В буквы впаянный децибел.
В общем, доктор,
типичный случай.
Только
где же ему
предел.
2016
1.
Если метафорично – мой поезд покинул рельсы.
Говорят, я сорвался.
Взорвался на лоскуты.
Вышел с утра на Невский.
И чувствую – как-то тесно.
Всё, от чего зарекался, в руках:
сума
и тюрьма,
и ты.
Потом все столбы накренились вправо.
Стало горько во рту,
стало в пальцах совсем легко.
Эффект падения без удара,
перелёта без крыльев,
полного антиграва.
Чьи-то рты распахнулись,
кому-то звонили –
куда-то везли потом –
что-то пели троллейбусы,
лаяли где-то чайки,
в прочем,
неважно,
в прочем,
давай про суть.
Они отобрали деньги, часы, рубашку,
я только краски, родная,
сберег
чуть-чуть.
2.
У меня, дорогая, сегодня совсем не праздник.

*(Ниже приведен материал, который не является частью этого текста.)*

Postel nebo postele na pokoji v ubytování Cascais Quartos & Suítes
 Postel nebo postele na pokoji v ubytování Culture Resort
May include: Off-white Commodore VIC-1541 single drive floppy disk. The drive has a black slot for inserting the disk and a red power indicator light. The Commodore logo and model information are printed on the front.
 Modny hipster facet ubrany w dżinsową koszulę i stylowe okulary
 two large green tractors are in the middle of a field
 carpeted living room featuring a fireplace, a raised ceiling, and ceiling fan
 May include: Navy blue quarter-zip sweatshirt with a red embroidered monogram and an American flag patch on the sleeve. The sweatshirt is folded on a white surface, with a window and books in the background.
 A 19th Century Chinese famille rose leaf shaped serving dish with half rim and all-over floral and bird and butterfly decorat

Страж моей комнаты ночью забрал гуашь.
У него керамические глаза,
отвратительно-белый галстук,
принеси мне ещё,
в коридоре налево,
палата без окон,
седьмой этаж.
3.
Я страшно устал от дурацкого стробоскопа.
Они что-то там жмут и включают его во мне.
Решено.
С понедельника точно займусь подкопом.
К пятнице жди меня,
сделай нам вкусный ужин,
что-то простое
устроит меня вполне.
4.
Милая. Ту акварель, что ты мне послала,
тоже забрали.
Скрутили меня узлом.
Я терпел и терплю,
только сил остаётся мало,
и всё выносимо,
но только не монохром.
Помнишь,
я раньше резал холсты на ленты,
вешал их на антенны,
разбрасывал во дворах.
Ты так не любила чёрный,
ты так не любила серый,
что каждое утро
наш дом утопал в цветах.
Я вишни давил подошвами у парадных,
красил кошкам хвосты,
прятал фантики от конфет.
Пусть они забирают всё –
бессовестно, мерзко, жадно –
но только оставят
цвет,
моя милая,
только оставят
цвет.
5.
Говорят, там апрель.
Говорят, что уже теплеет.
Говорят, что деревья тронул зелёный дым.
Я привязан к постели,
я –
как сигарета –
тлею,
ты молчишь
и когда мы поговорим.
Говорят, что собаки видят всё так.
Двуцветно.
Я попробовал этот кошмар набросать вчерне.
Не город –
а допотопная кинолента.
Серые люди теряются
в серой своей весне.
6.
Миаля. Я наёшл подподушкой полсендий кусоечк мела. И свосем не хочу тебе эитм пером писать. Он – какивсё в эотм метсе – приянто белый. Они гворят, что нльезя покидть корвать.
Я оечнь пслушный. Они мнея очнь хвлят. Я болше ни жолтго, ни пурпуроного не прошу. Я тперь всё бсецвентое нодеваю, пирнимаю лекасртва, сьедаю зазавртаком всю лапшу.